In dieser Situation ringen die Westmächte – konkret sind es in diesem Falle die USA, Frankreich, Großbritannien, Portugal und Deutschland – um eine neue Resolution im Weltsicherheitsrat. Sinn der Übung ist es wenigstens die Legitimation für "nichtmilitärische" Sanktionen nach Paragraf 41 der UN-Charta zu bekommen. Militärische (nach Paragraf 42) wären ohnehin nicht durchsetzbar. Allerdings hat Rußland bereits deutlich gemacht, daß man auch zu nichtmilitärischen nicht bereit sei. Stattdessen versucht Rußland einie eigene diplomatische Offensive, bezieht sich abermals auf den Annan-Plan, den sein Urheber vor kurzem – wie es scheint etwas voreilig – für "gescheitert" erklärt hatte und schlägt eine eigene Resolution vor. Desweiteren spricht Rußland jetzt auch selbst mit einigen Kräften der Opposition, u.a. aus dem syrischen Nationalrat.
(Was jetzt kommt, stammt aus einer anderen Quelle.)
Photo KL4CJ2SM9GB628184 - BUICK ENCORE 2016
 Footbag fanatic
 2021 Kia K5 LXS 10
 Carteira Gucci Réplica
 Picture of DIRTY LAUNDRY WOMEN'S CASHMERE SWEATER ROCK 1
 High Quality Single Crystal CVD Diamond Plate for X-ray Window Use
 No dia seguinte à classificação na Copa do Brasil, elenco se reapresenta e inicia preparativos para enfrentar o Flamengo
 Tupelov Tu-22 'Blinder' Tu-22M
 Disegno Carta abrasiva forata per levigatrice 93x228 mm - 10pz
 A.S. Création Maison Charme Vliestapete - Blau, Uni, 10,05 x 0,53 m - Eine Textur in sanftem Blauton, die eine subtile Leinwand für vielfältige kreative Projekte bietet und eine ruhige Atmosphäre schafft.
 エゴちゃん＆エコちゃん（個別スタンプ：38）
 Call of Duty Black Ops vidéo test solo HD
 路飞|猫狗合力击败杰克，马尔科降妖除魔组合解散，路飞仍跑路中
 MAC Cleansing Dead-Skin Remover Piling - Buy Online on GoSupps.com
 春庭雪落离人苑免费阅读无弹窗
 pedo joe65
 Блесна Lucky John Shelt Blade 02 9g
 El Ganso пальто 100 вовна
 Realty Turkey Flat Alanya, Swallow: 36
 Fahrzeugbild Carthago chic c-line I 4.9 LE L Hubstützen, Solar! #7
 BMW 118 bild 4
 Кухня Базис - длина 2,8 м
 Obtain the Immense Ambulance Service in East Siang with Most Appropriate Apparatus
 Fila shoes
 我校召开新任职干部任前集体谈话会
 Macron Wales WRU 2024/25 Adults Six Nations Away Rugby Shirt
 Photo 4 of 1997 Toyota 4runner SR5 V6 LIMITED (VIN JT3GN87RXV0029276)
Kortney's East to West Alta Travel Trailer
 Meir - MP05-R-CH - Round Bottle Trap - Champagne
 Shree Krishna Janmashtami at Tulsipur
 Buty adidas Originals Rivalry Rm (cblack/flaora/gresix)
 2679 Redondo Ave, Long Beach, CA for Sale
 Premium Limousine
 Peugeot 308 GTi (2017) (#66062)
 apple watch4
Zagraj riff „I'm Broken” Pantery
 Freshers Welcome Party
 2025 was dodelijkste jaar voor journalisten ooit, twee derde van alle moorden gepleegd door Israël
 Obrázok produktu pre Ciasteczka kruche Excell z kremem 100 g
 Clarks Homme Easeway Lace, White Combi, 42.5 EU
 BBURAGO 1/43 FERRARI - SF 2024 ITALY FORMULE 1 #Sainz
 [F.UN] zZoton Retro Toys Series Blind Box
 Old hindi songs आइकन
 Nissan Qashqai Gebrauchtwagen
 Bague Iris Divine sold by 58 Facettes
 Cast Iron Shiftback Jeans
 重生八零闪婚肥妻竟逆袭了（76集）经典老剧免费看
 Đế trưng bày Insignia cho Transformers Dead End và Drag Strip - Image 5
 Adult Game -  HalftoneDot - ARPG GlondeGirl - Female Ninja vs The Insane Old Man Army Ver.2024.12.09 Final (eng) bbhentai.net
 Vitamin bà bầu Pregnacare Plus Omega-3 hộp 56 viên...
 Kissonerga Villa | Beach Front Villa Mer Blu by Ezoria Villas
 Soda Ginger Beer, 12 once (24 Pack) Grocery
Ziel dabei offenkundig, auch deren Reihen nach Rissen abzutasten und die verhandlungsbereiten Teile in Stellung zu bringen gegen diejenigen, die eigentlich nur die Vorwände für eine – auch offen geforderte – militärische Intervention liefern wollen.
Offenkundig verliert die US-Administration derzeit zusehends die Geduld und bedroht bereits – in Gestalt der Außenministerin Hillary Clinton – Rußland und die VR China, die einen "hohen Preis" bezahlen müßten. Im Moment zeichnet sich keine realistische Lösung des Konflikts ab, da die syrische Armee ebenso wie das politische System weit stabiler ist als seinerzeit das libysche und auch das Zerbomben der syrischen Armee mit Hilfe der eigenen Luftwaffe, wie in Libyen geschehen, mit weit größeren Risiken behaftet ist. Denkbar wäre allerdings das Syrien-Thema zeitweilig wieder herunter zu kochen und den Umweg über eine andere Baustelle zu nehmen. Es führen eben viele Wege nach Teheran. Der Vorkrieg hat schon begonnen."